Before we get started, let’s have a look at three forms of IF that have been examined extensively in humans:
- TRF (Time-Restricted Feeding) is restricting meals to a specified time frame (e.g., 10 a.m. to 6 p.m.) and then fasting overnight.
- Alternate Day Fasting (ADF) entails fasting or a calorie restriction of 20% every other day.
- Intermittent fasting (5:2) is a type of intermittent fasting in which you fast two days a week and eat normally the other five.
Intermittent fasting reduces oxidative stress indicators, which is a measure of lifespan
Many experts think that cellular oxidative stress has a substantial impact on our aging process.
An imbalance between free radicals and antioxidants in the body causes oxidative stress. Both external and internal metabolic routes produce free radicals, which can harm cells, proteins, and DNA. Antioxidants are chemicals generated by the body and present in a variety of foods that assist to counteract the detrimental effects of free radicals.
We can assist slow down the aging process by restricting free radicals and raising antioxidant content in the body (thereby lowering oxidative stress), according to scientists and experts.
Humans can be protected from age-related disorders by fasting intermittently
We grow increasingly prone to sickness as we become older. The immune system weakens, metabolic activities slow down, and the generation of vital enzymes and antioxidants decreases.

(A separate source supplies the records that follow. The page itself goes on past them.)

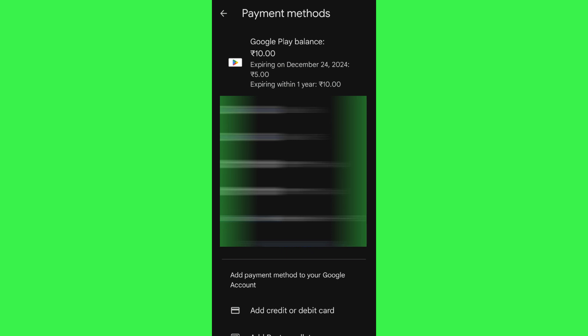It will also show you when your Google balance is going to expire. It usually expires after one year, so you just have to redeem it as soon as you can.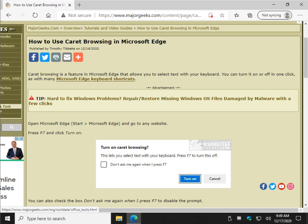Hey there Geeks, Tim with MajorGeeks.com. Today we're going to show you how to use Caret, C-A-R-E-T, browsing in Microsoft Edge.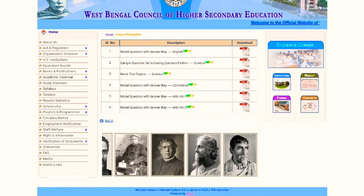There is a model question with answer English, sample question set including question pattern science, mock test paper science, model question with answer commerce, model question with answer R's volume 1, and model question with answer R's volume 2.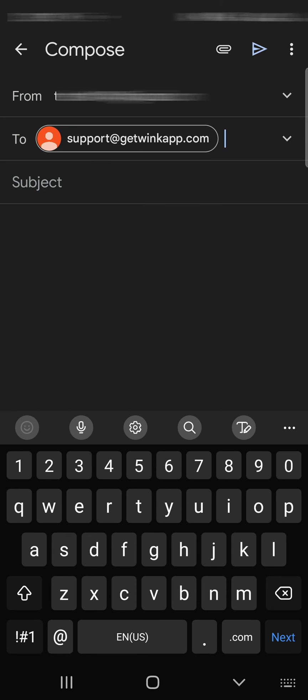Now add the subject. I will write Change Age on Wink.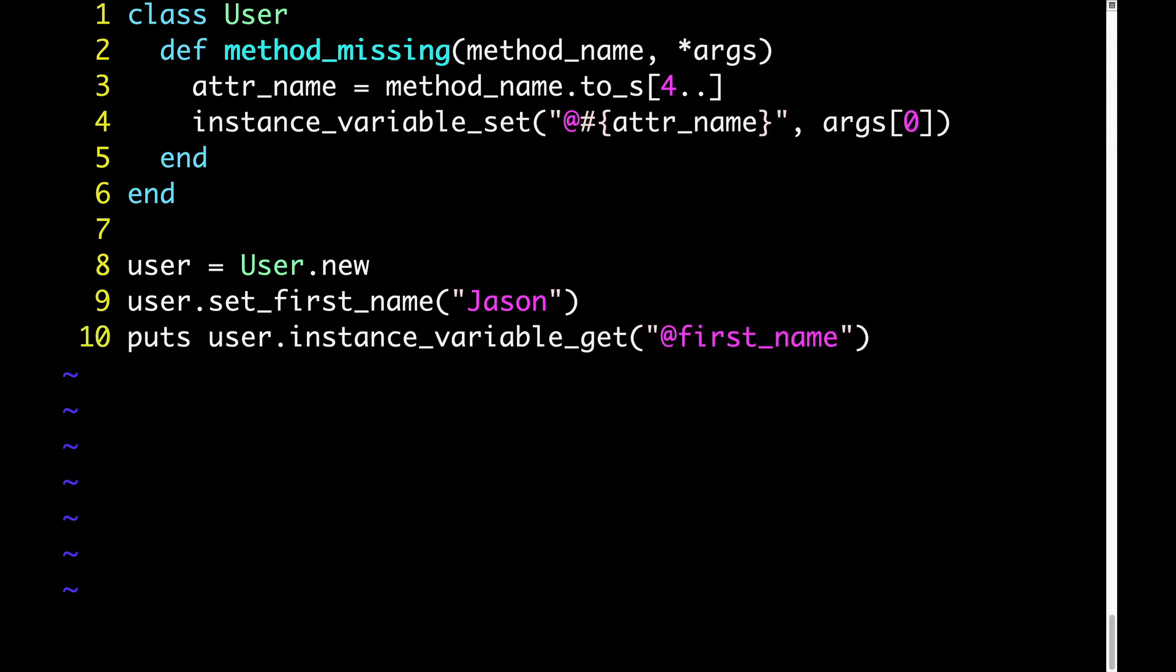Let's first focus on line 4, where we say instance variable set. And if you're not familiar with instance variable set, we'll come back to that. But first, let's focus on what we're setting. Recall that if we call user.setFirstName, then atterName on line 3 gets set to first name. So on line 4, where we're saying at sign, and then we're interpolating atterName, that gets interpreted as at sign first name. Now also recall that args contains an array of the arguments that were passed when we called setFirstName. In this case, we're only passing one argument, JSON, but it still comes through as an array. So if we want to get the value JSON, we have to do args 0. So to sum all that up, line 4 is saying instance variable set at first name to JSON.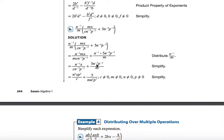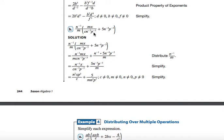In the second term, n to the negative fifth and p to the negative fifth are both negative, so they go down to the denominator, becoming positive — 5 over m, n to the fifth, p to the fifth. You still have to indicate what variables in the denominator cannot equal 0. So m can't equal 0, c can't equal 0, n can't equal 0, and p can't equal 0.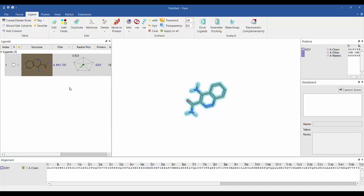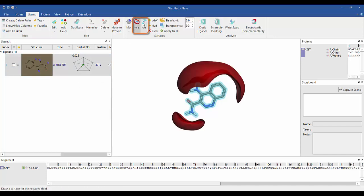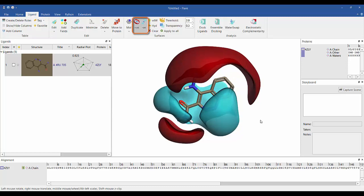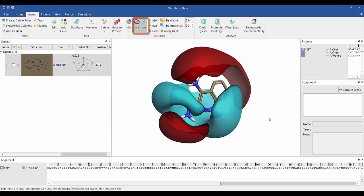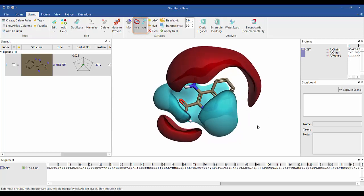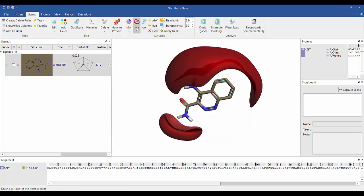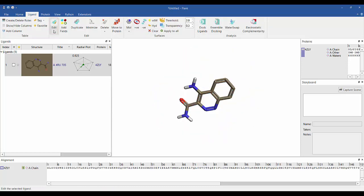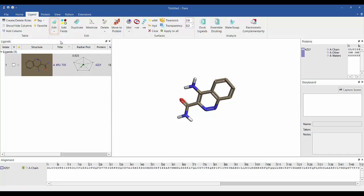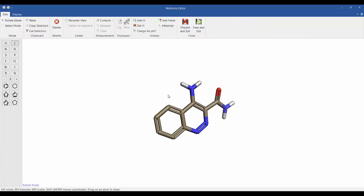Here we can generate field surfaces for the co-crystallized ligand to understand its electrostatics. We can edit the ligand using the molecular editor and see how the field surfaces update as we make changes.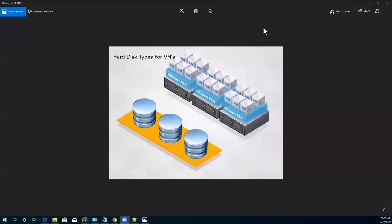Welcome back. Let's explore hard disk types when we are going to create virtual machines. In the virtualization industry, we mostly work on three major components: compute, networking, and storage. Right now we are in the phase of storage, so let's move and discuss the hard disk types for VMs.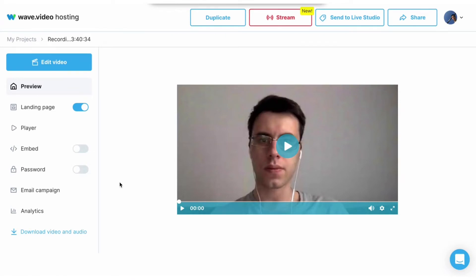Now your recording is ready to be fine-tuned in the Wave video editor. You can also download it to your computer or stream it as a pre-recorded video.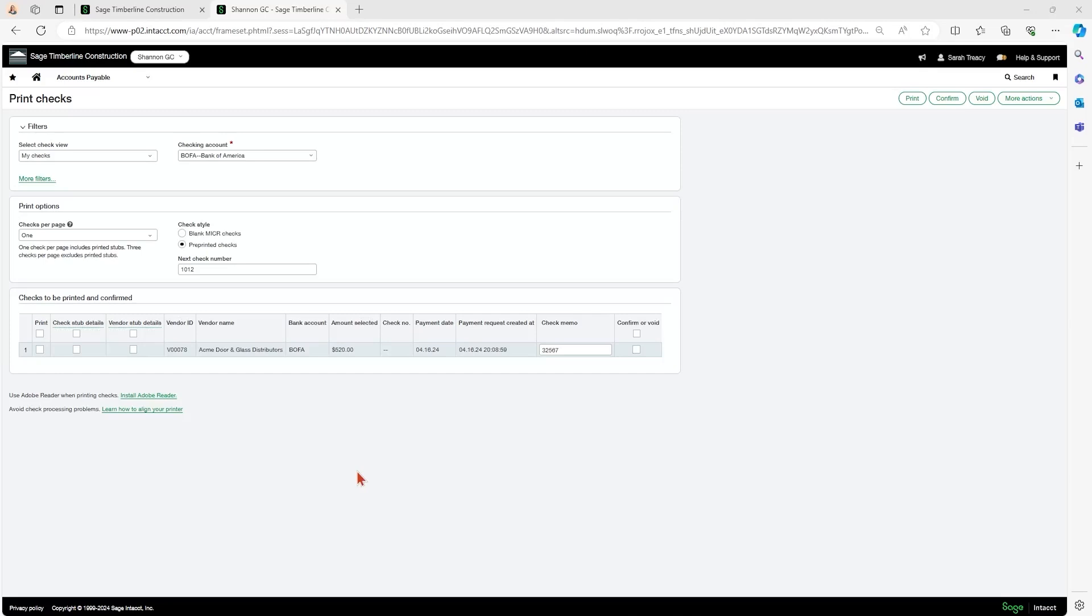So next in the bread and butter series, we're going to do a cancel payment request. Let's say you have selected a bill for payment and you selected it to be a check payment, but that was a mistake and you actually wanted it to be ACH or credit card.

Our ageing rate is also influenced by our lifestyle choices, such as nutrition and exercise. We are more prone to various ailments as a result of this combination, including cardiovascular disease, diabetes, Alzheimer’s disease, and cancer.

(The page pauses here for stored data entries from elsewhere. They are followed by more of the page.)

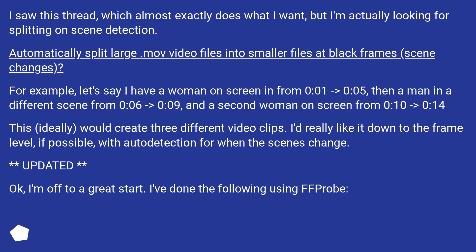For example, let's say I have a woman on screen from 0:01 to 0:05, then a man in a different scene from 0:06 to 0:09, and a second woman on screen from 0:10 to 0:14.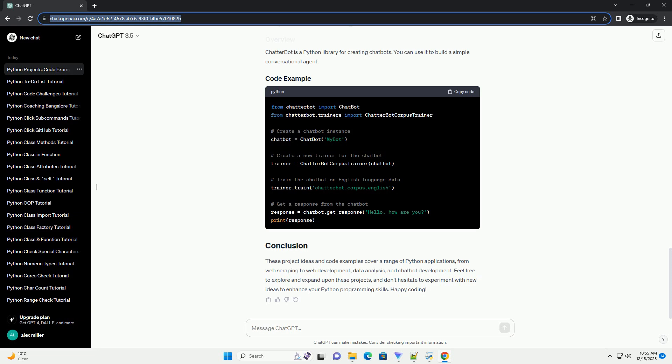Chatterbot is a Python library for creating chatbots. You can use it to build a simple conversational agent.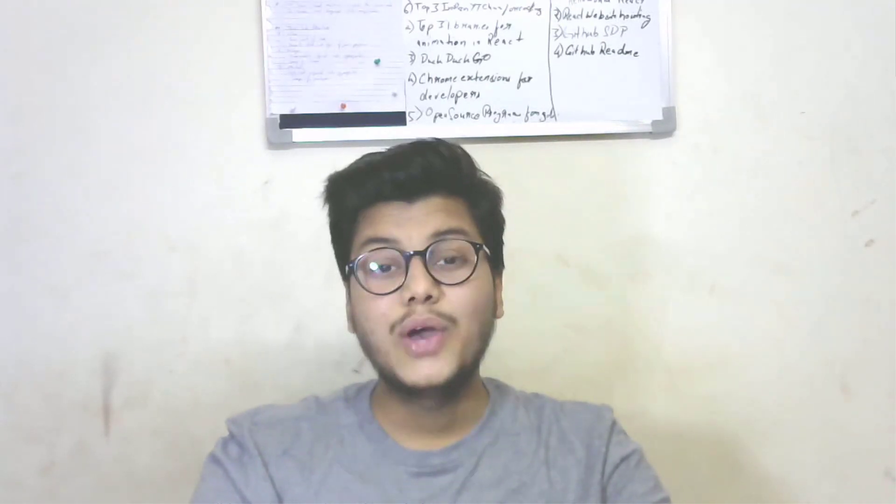Hello everyone, welcome back to my channel. I am Aniket, and today we will see how we can deploy our React app to GitHub.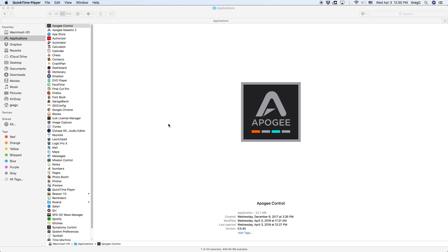Today we'll be showing you how to use Low Latency Mixer in Apogee Control for Element Series and Ensemble Thunderbolt. The Low Latency Mixer is useful when you're in a session and you want to send different mixes to different outputs.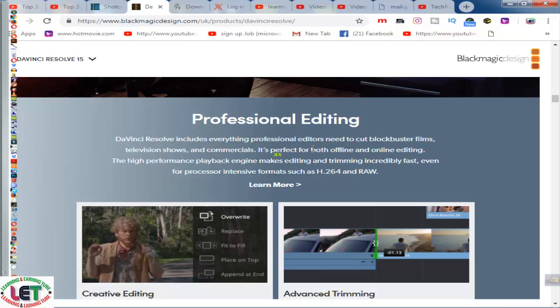This professional editor is needed to cut blockbuster films, television shows and commercials. It's perfect for both offline and online editing. This is the editing opportunity for this software. You can use this software offline or online.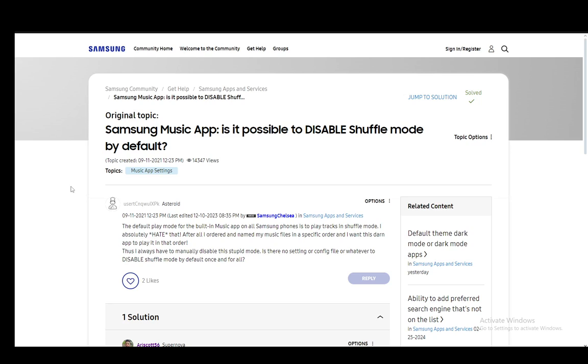those kind of glitches do happen sometimes. If that happens for you, what I can recommend you do is try and restart the application, since Samsung Music shouldn't automatically play on shuffle. That is pretty much all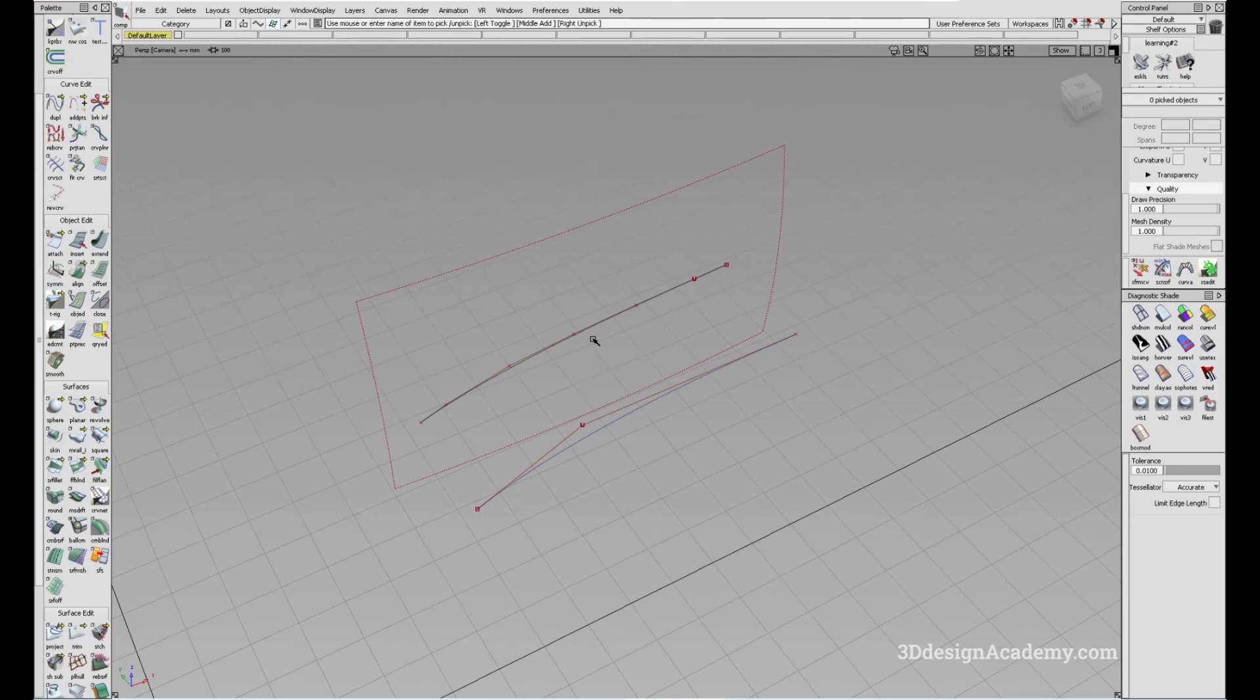Okay, so that's the Duplicate Curve tool. Thank you guys for watching, and see you next time.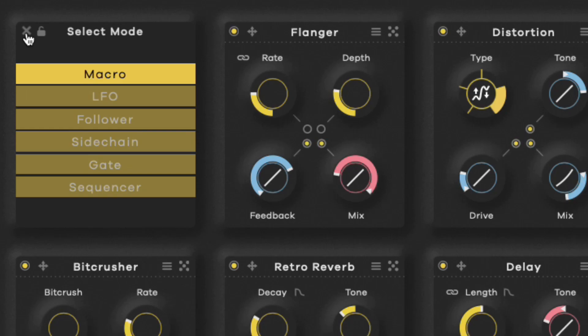This is set up as an effect chain, so of course there are flangers, distortion, reverb, delay, bit crushers, spread — the whole nine. Everything is here. You also have an area where you can choose your selected mode of macros, LFOs, followers, sidechain gates, and sequencers. It basically speaks for what it actually does.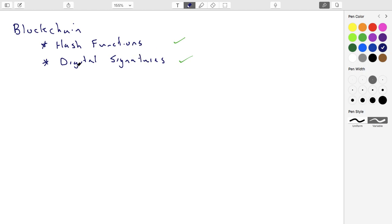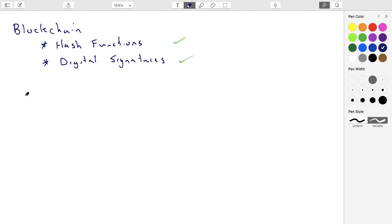We'll circle back to details as we need them. Now, where is a hash function actually used in the blockchain data structure? It turns out it's used in a whole bunch of different places. We're going to work towards one application, and in order to build up to it, I want to talk about something called a commitment scheme.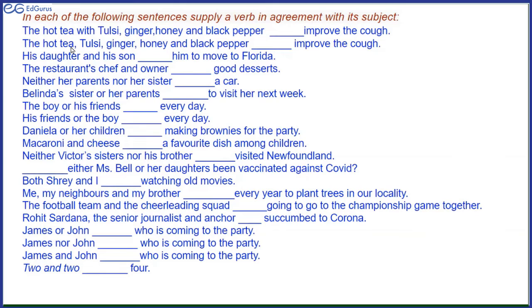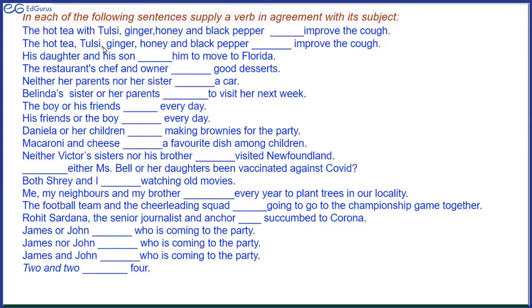Now look at the next sentence: the hot tea, tulsi, ginger, honey and black pepper — help improve the cough. Why 'help'? Because now it is compound subjects. It does not say 'the hot tea with' — it lists hot tea, tulsi, ginger, honey as separate subjects. All these together help improve the cough, so a plural verb is used.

Early time-restricted eating affects sirtuins and autophagy in a good way
Researchers looked at a variety of variables associated with lifespan in a 2019 crossover study, including blood glucose, autophagy, and oxidative stress.
For four days, a group of 11 overweight people followed an eTRF schedule, eating solely between the hours of 8 a.m. and 2 p.m. For the next four days, they returned to the standard TRF schedule of 8 a.m. to 8 p.m. During each schedule, participants were given the same three daily meals; no other food or beverages were permitted. Participants were not allowed to exercise or consume caffeine on days three and four. eTRF considerably improved glycemic management as compared to the control schedule by lowering 24-hour glucose levels as well as fasting glucose and insulin levels.
Furthermore, the eTRF schedule increased the production of the longevity gene SIRT1 and the autophagy gene LC3A by 10% and 22%, respectively, compared to the control group.
Intermittent fasting boosts one’s chances of surviving
Intermittent fasting and its direct impacts on longevity were investigated in a 2019 article published in the American Heart Association’s journal Circulation. Over 2,000 people between the ages of 63 and 67 who had cardiac catheterizations were tracked by the researchers. 380 people out of a total of 2000 said they were regular fasters (minimum of five years). When compared to the non-fasters, the fastest had a higher chance of surviving (-49 percent probability of mortality).
Fasting newbies (those who had fasted for less than five years) did not benefit in terms of survival. According to this study, long-term intermittent fasting is linked to increased lifespan. The form of intermittent fasting that the subjects practiced was not disclosed in the abstract.
Persons who are underweight, under 18 years old, pregnant or breastfeeding, have such a history or are presently struggling with eating issues, have diabetes, or are taking certain medicines should avoid intermittent fasting. We recommend talking to a doctor or nutritionist before starting intermittent fasting to be sure it’s right for you.
Fasting has been shown in studies to help people fight sickness and live longer.
However, in the United States and other industrialized countries, it is common to eat three square meals plus snacks each day, which may make it difficult for certain people to adjust to this eating pattern. Furthermore, in people with chronic diseases like diabetes, this eating habit might lead to specific consequences.